The Game That Shouldn't Have Happened
The Knicks were down 27 at halftime with a 1% win probability. Then OG Anunoby tipped in the most improbable bucket in Finals history.
The Knicks were down 27 points at halftime. Win probability: 1%. The largest comeback in Finals history before Wednesday night was 24 points. There was no scenario where New York won this game.
And yet.
I don't even have a clean way to explain what I watched. The Spurs put up arguably the best half of basketball they've played all season — 76-49, the third largest halftime lead in Finals history. Victor Wembanyama was otherworldly. The game was, for all practical purposes, over. You start thinking about Game 5, about how the Spurs go home with all the momentum, about how this is the year a 22-year-old alien from France wins the title.

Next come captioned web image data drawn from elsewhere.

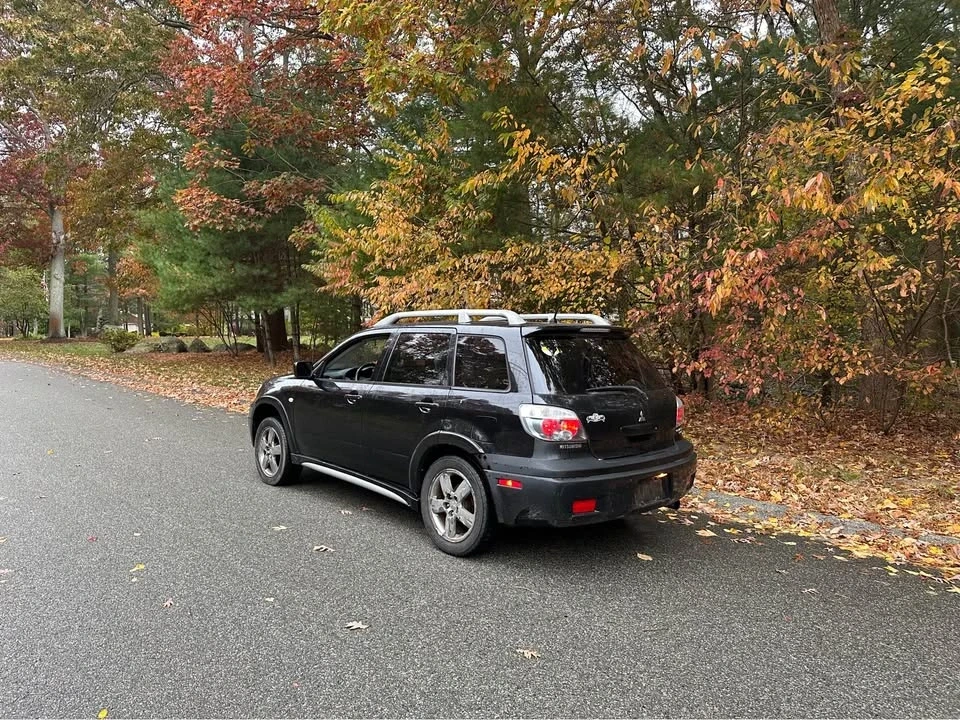 2006 Mitsubishi Outlander - Image 3 of 7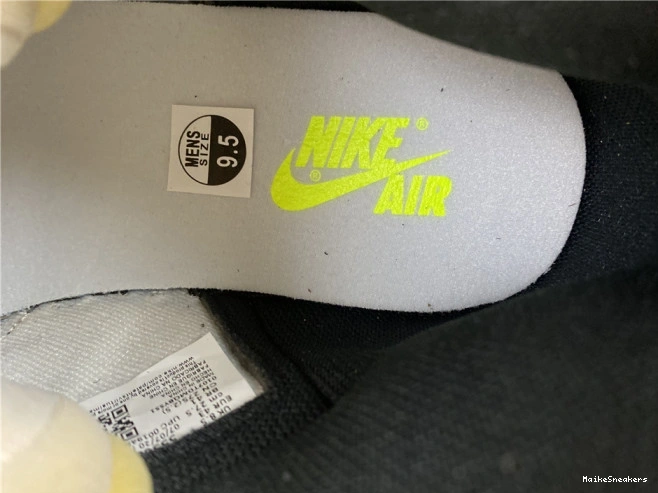 MaikeSneakers HIGH RETRO 'VOLT OG AIR GOLD' JORDAN 555088-118 1 0627
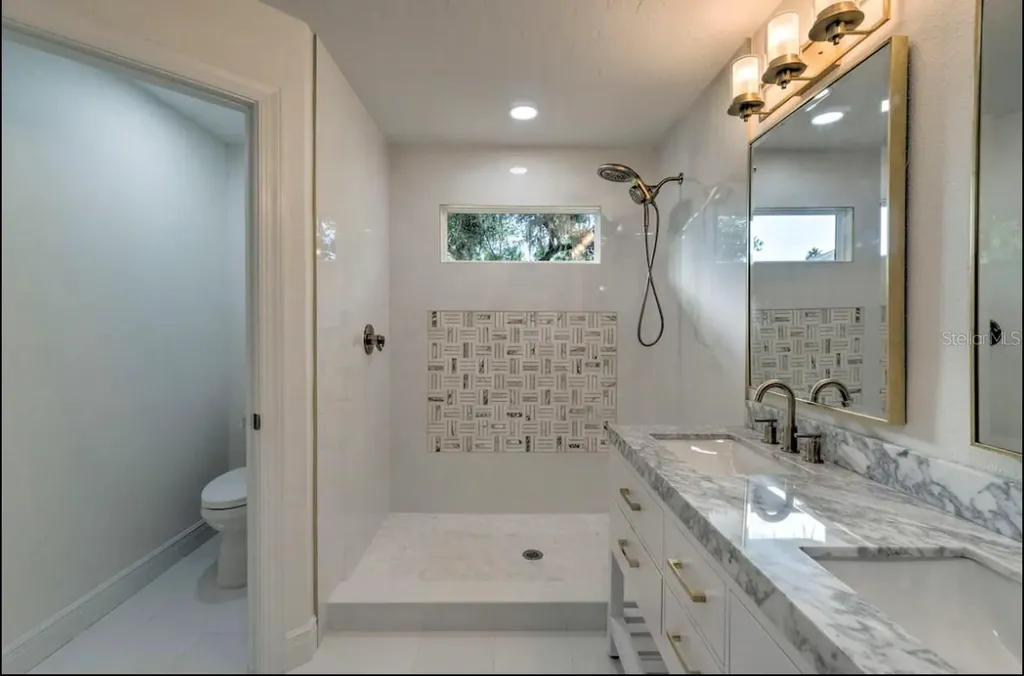 1832 Worrington Street Sarasota FL 34231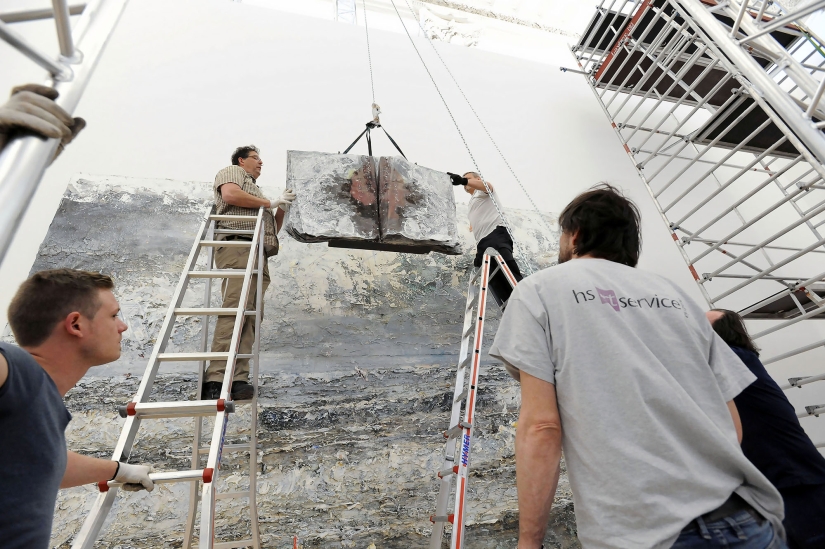 Paintings made of lead, grass and pain: how Anselm Kiefer's exhibition is mounted at the State Hermitage Museum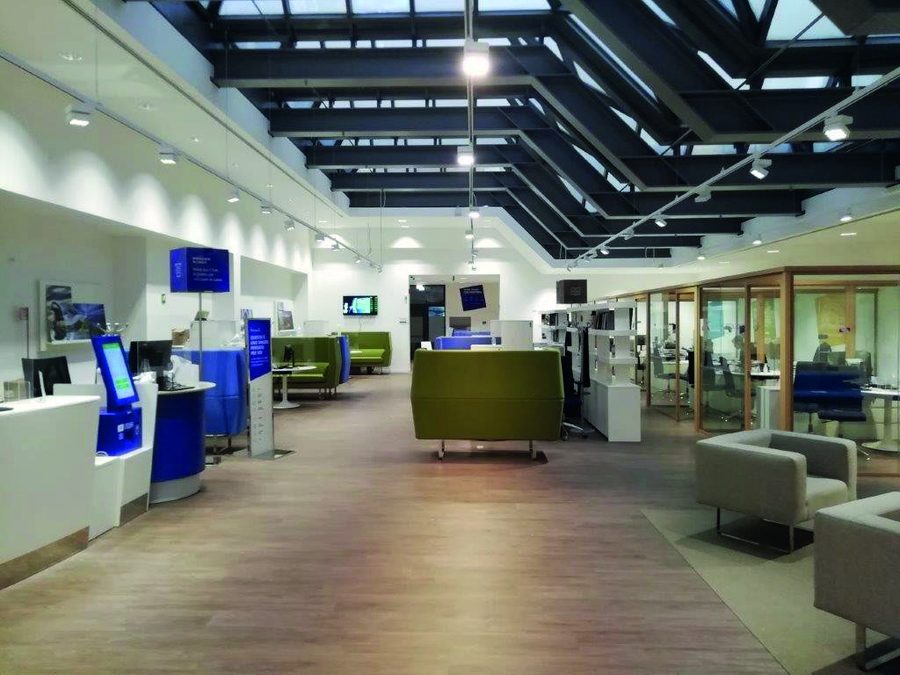 Intesa Sanpaolo S.p.A. - Agenzia di Arezzo (AR) - Via Roma 4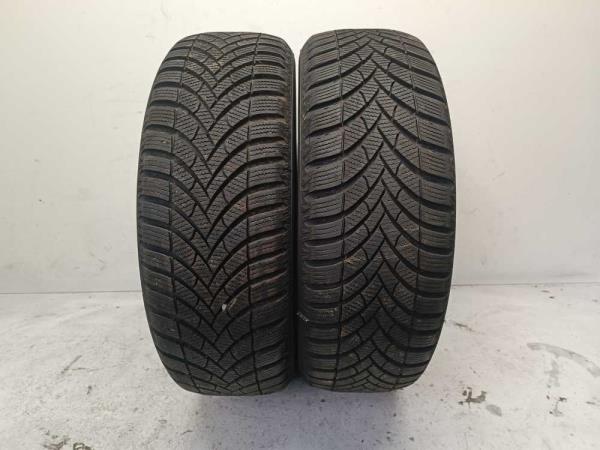 195/60R15 88T M+S SEMPERIT SPEED-GRIP 5 DOT4521 6MM - Vue 1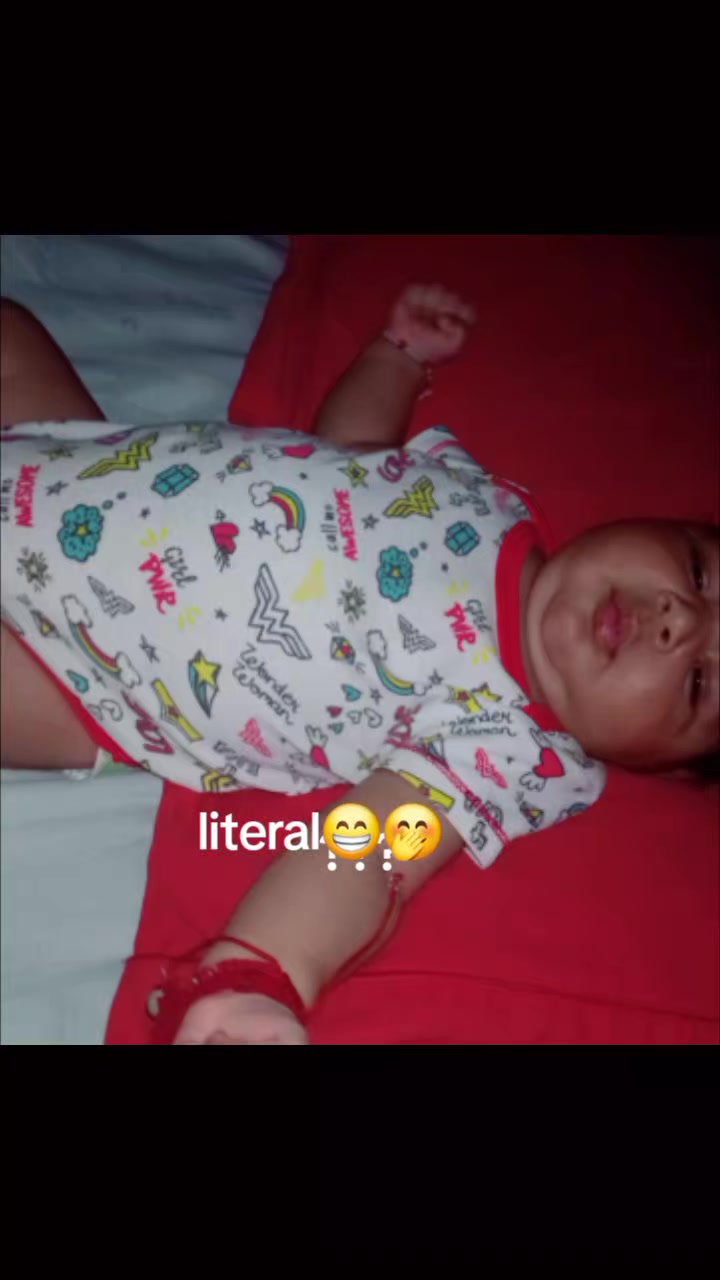 @la florecita olanchana❤️ 👸👸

Then the Spurs came out in the third quarter and shot 4-for-20.
Here's where it gets genuinely hard to rationalize: it wasn't just that the Knicks made their run. It's that the Spurs helped. Contested threes four seconds into the shot clock, down 20. De'Aaron Fox throwing it directly to no one. WBY missing both free throws with a one-point lead and under a minute to play. Fox driving and getting blocked by OG with 14 seconds left instead of just holding the ball. These are professionals. In the Finals. Making the kinds of decisions that end careers.
OG Anunoby went for six threes. Six. Brunson was Brunson — hit the dagger triple over WBY to make it a one-point game with two minutes left. But it was OG's tip-in off Brunson's missed floater with 1.2 seconds remaining that actually finished it. 107-106. The greatest comeback in NBA Finals history.
Is the series over? Knicks are up 3-1 and only one team has ever come back from that deficit. Do the Spurs have anything left after handing this one away?
I don't know. But I know I'll be watching Game 5 with the same sick feeling that nothing is guaranteed.